Did you know that multimillions of Georgia taxpayer dollars in recent years have been poured into refugee resettlement programs and that the Peach State has one of the highest influx rates in the nation?
When then-President Jimmy Carter signed the Refugee Resettlement Act into law in 1980 it was well-intentioned. Now it is outdated, costly and due for a drastic overhaul.
The law provided for 70,000 legal refugees per year to enter with a fast-track toward citizenship. The U.S. State Department was supposed to screen applicants for communicable diseases and security threats-- and the refugees were supposed to be designated as fleeing from brutal treatment due to their religious and political beliefs. This is no longer the case.
Our country’s refugee screening has basically been turned over to the United Nations, with the UN Office of the High Commissioner for Refugees determining who meets the “refugee” definition. Ninety-five percent of the refugees arriving are referred by this agency, says researcher Edwin Rubenstein. Even more incredible, he found that the top 10 countries of origin are Bhutan, Burma, Iraq, Somalia, Cuba, Congo, Iran, Eritrea, Sudan and Ethiopia. Clearly, the UN’s definitions and priorities are quite different from those of the average Georgian or American!
The designation of “refugee” is now most often given to everyone in an entire class of people who are deemed victims of “discrimination.” An individual need not prove personal hardship.

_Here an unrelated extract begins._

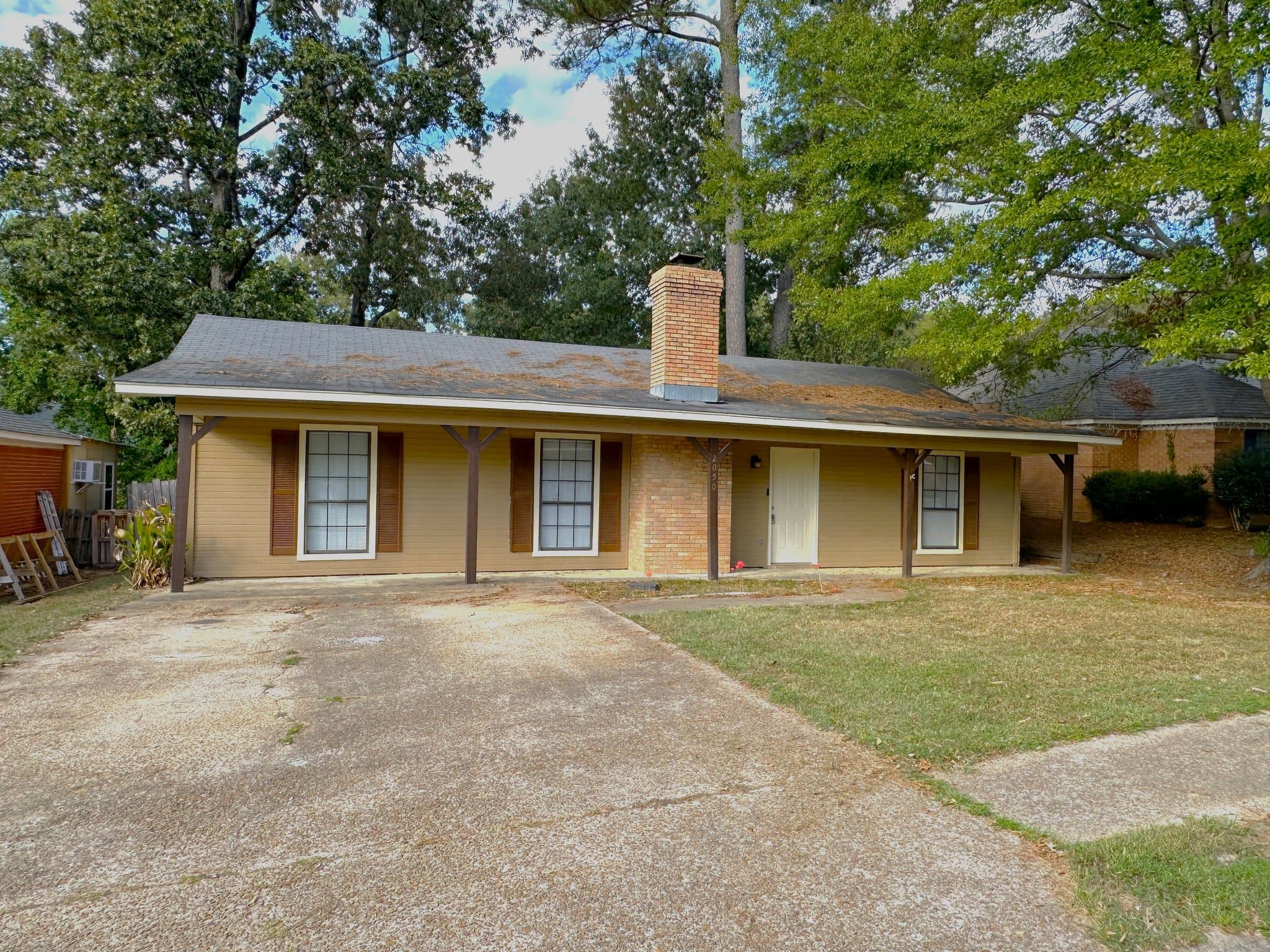 Flowood House: 2050 Stockton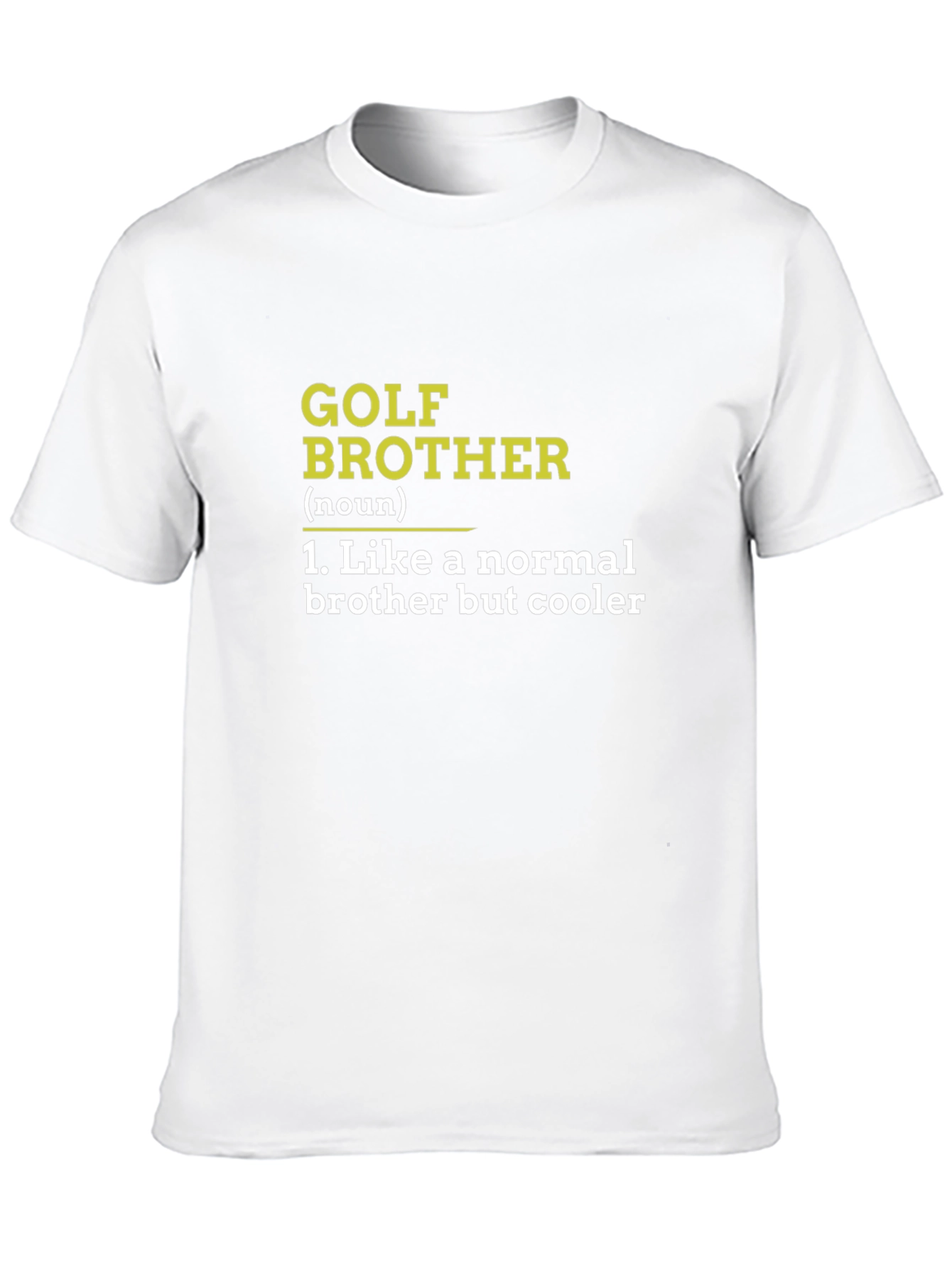 Golf Brother T-Shirt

Religious agencies receive taxpayer funds for every refugee they get the UN to recommend for admission. Then the refugees are all too often sent to communities without warning or preparation— and DeKalb County has been a favorite dumping ground. The program has brought into Georgia over 66,000 refugees who average having four children per year. Georgia now has the third generation of refugees who are eligible to vote-- with a potential voting population of over 150,000.
In 2010 the welfare cost to Georgians was $17 million, according to the Department of Health and Human Services. Counties chipped in $4 million of your money-- most of which came from your property taxes. The federal government pays most of the cost for 90 days. Then Georgians absorb the welfare cost in perpetuity. Estimates show that our state’s welfare cost is now approaching $40 million annually and rising exponentially.
Consider what has happened just in DeKalb County. Its schools must provide costly instruction in over 100 languages. Now other school systems are grappling with this growing language burden, especially with the border surge of Central American minors who are being shipped to Georgia.
To his credit, Gov. Nathan Deal asked the State Department two years ago to stop sending more refugees to Georgia. It temporarily agreed, but now the influx has restarted. So the level of taxpayer funding in our state budget to support refugee resettlement is now approximately $9,700,000.
The bottom line: Georgia does not have to participate. It doesn’t have to accept the federal money. Research shows that if a state legislature cuts off the money the influx shifts to another state. When Indiana and other states cut off the money the welfare-minded refugee population quickly moved to greener pastures. There is another factor to consider. Of the Georgia refugees who do want to work, according to HHS, only 40 percent are still working after 90 days. At the end of a year, only 18 per cent still work and there is a rapid drop-off soon thereafter.
Several Democrat lawmakers joined the Republican governor to try to temporarily stem this refugee tide into our state. But why doesn’t the General Assembly just simply curb this refugee influx by cutting off the money flow?
Joe Newton is chairman of Citizens for Refugee Resettlement Relief in Georgia.